What you should do
Please transcribe only the lines between the one containing "Knee Deep Yacht" and the end of the records, both ends included, exactly as written; skip every picture.

----- Provided data -----

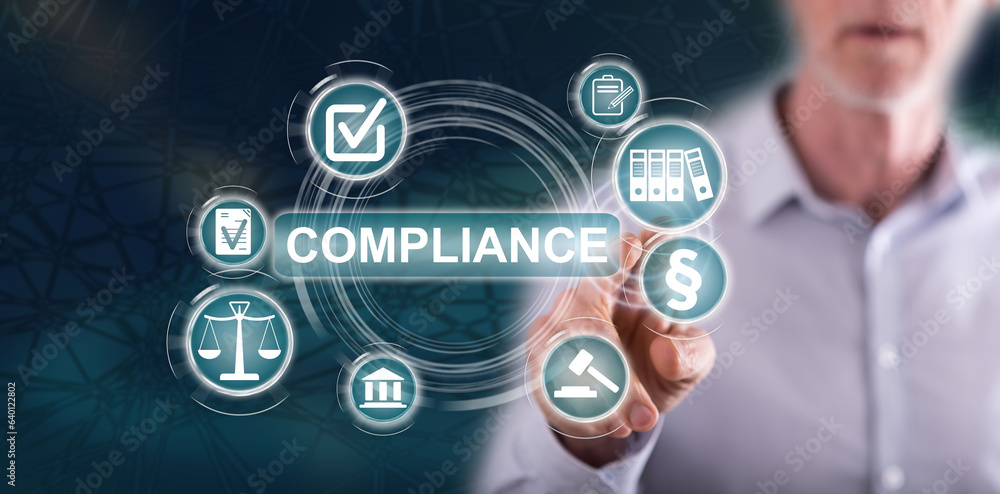 Man touching a compliance concept Man touching a compliance concept
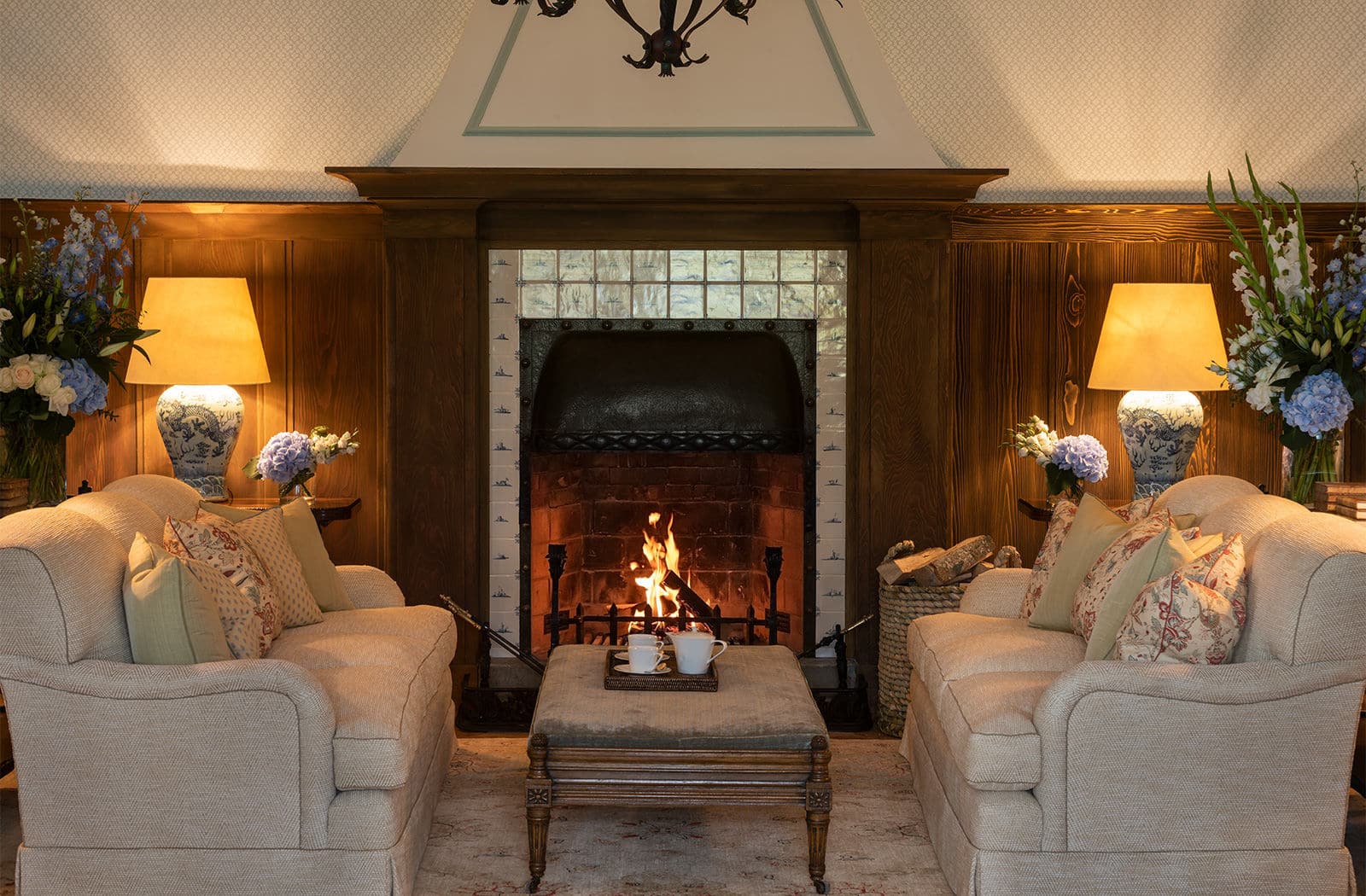 a fireplace with two chairs and a coffee table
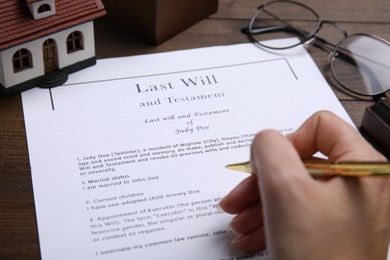 Photo of Woman signing last will and testament at table, closeup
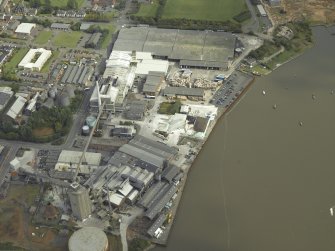 Oblique aerial view.  Alloa Glass Works, gasholder and harbour from W.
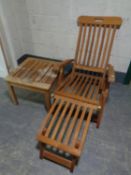 A folding teak garden lounger with foot rest together with matching coffee table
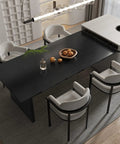 Dining area with elegant chairs and table covered in Black Wood Grain Peel And Stick Wallpaper DIY Friendly 23.6 Inch By 118 Inch Self Adhesive Vinyl Contact Paper For Furniture And Walls Removable Real Wood Texture Durable Easy To Clean With Grid Cut Lines, creating a chic modern look.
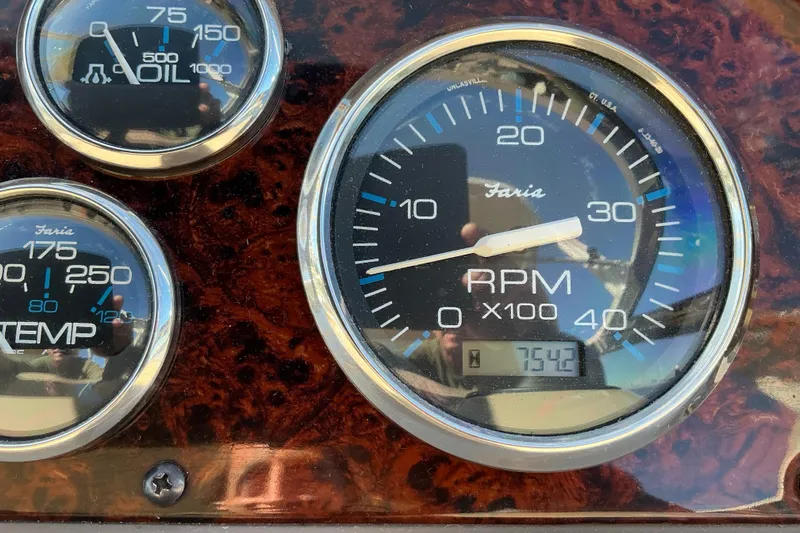 Knee Deep Yacht Photos Pics Close-up of 2003 Regal Commodore 4260 dashboard gauges, showing RPM, oil, and temperature.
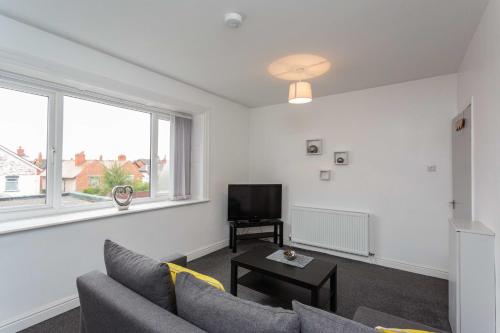 a living room with a couch and a tv at Cherry Property - Pineapple Suite in Blackpool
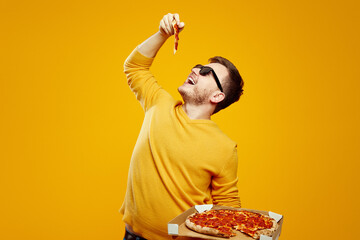 Excited man with sunglasses holding and biting tasty slice of pizza, posing with open mouth, holding cardboard flat box on yellow orange background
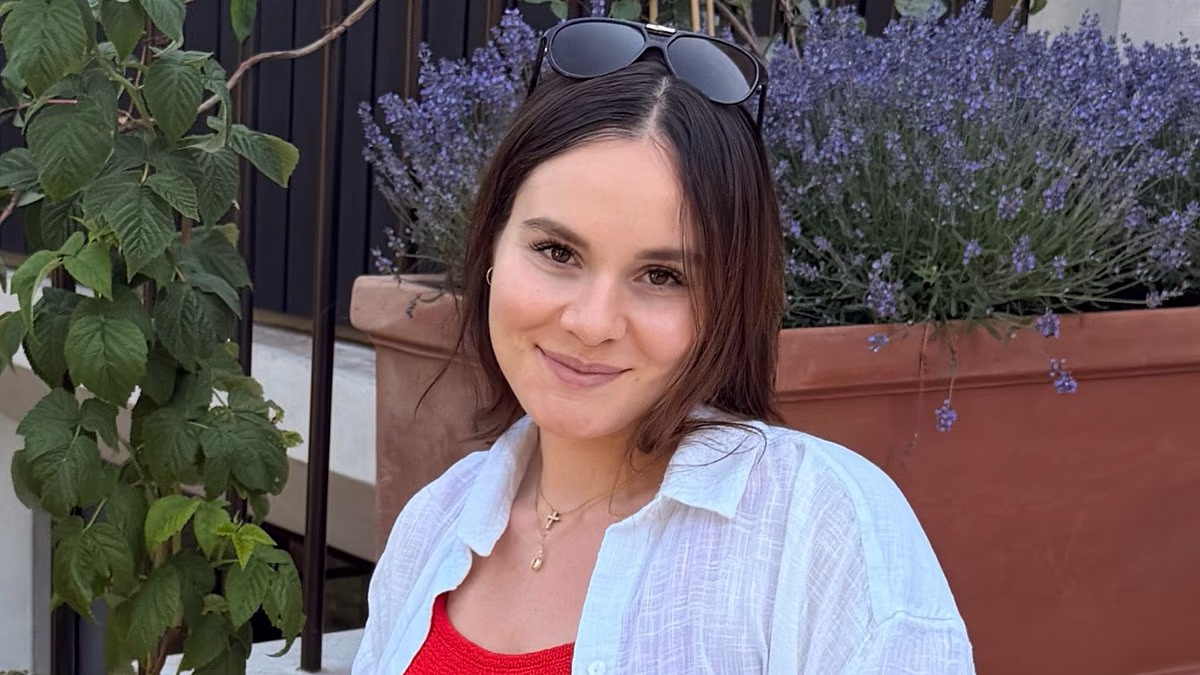 Pregnant Holly Ramsay cradles her growing baby bump in a red swimsuit as she enjoys the heatwave with husband Adam Peaty amid new family fallout
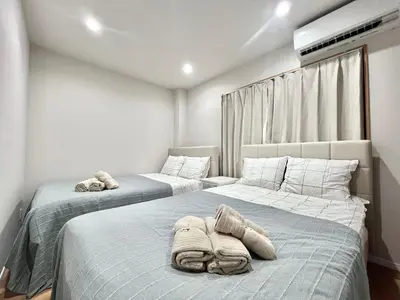 two beds in a bedroom with towels on them at Kenki Torigoe House-TT0173 in Tokyo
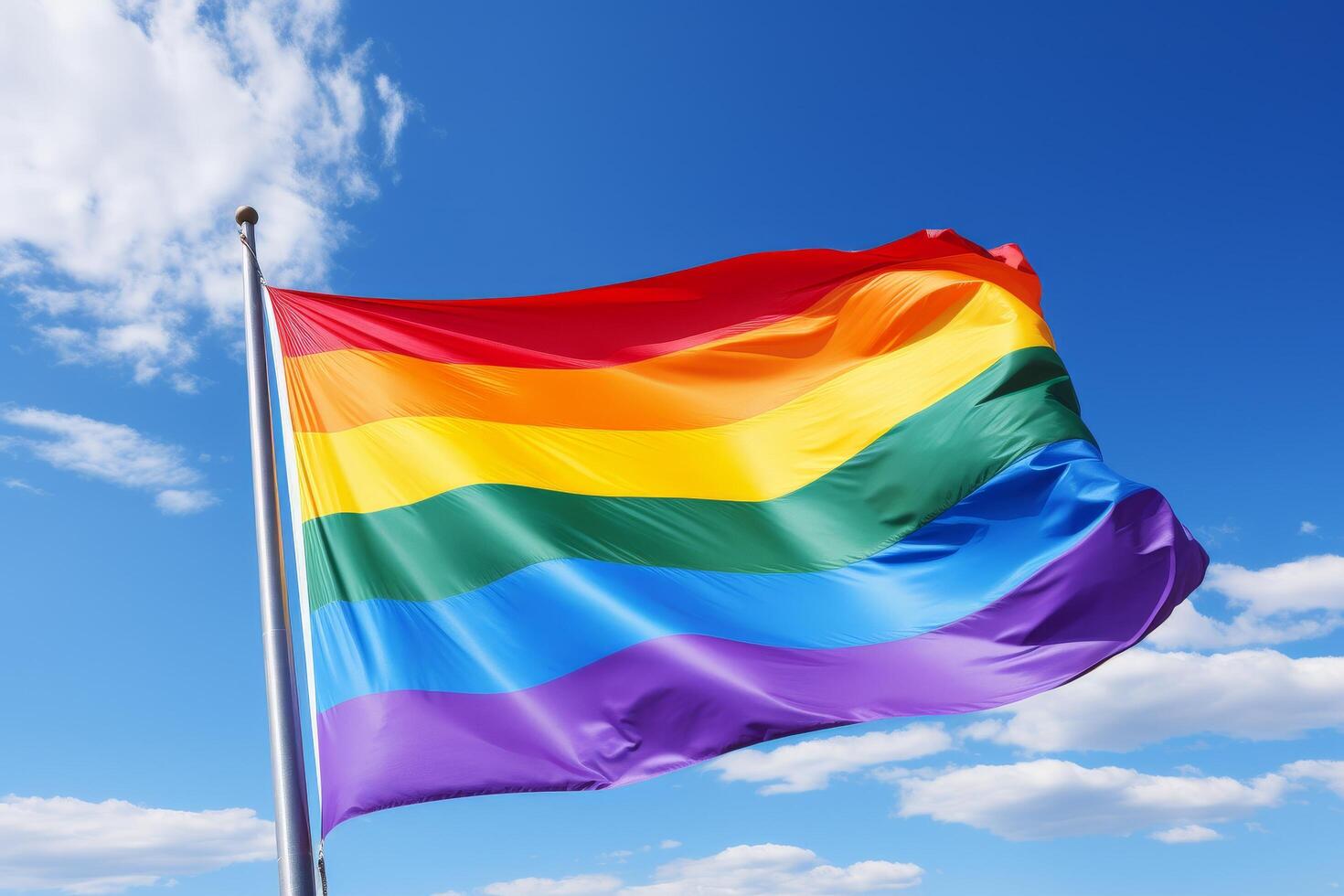 Vibrant rainbow flag waving against blue sky photo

-----

Written reply
 Knee Deep Yacht Photos Pics Close-up of 2003 Regal Commodore 4260 dashboard gauges, showing RPM, oil, and temperature.
 a living room with a couch and a tv at Cherry Property - Pineapple Suite in Blackpool
 Excited man with sunglasses holding and biting tasty slice of pizza, posing with open mouth, holding cardboard flat box on yellow orange background
 Pregnant Holly Ramsay cradles her growing baby bump in a red swimsuit as she enjoys the heatwave with husband Adam Peaty amid new family fallout
 two beds in a bedroom with towels on them at Kenki Torigoe House-TT0173 in Tokyo
 Vibrant rainbow flag waving against blue sky photo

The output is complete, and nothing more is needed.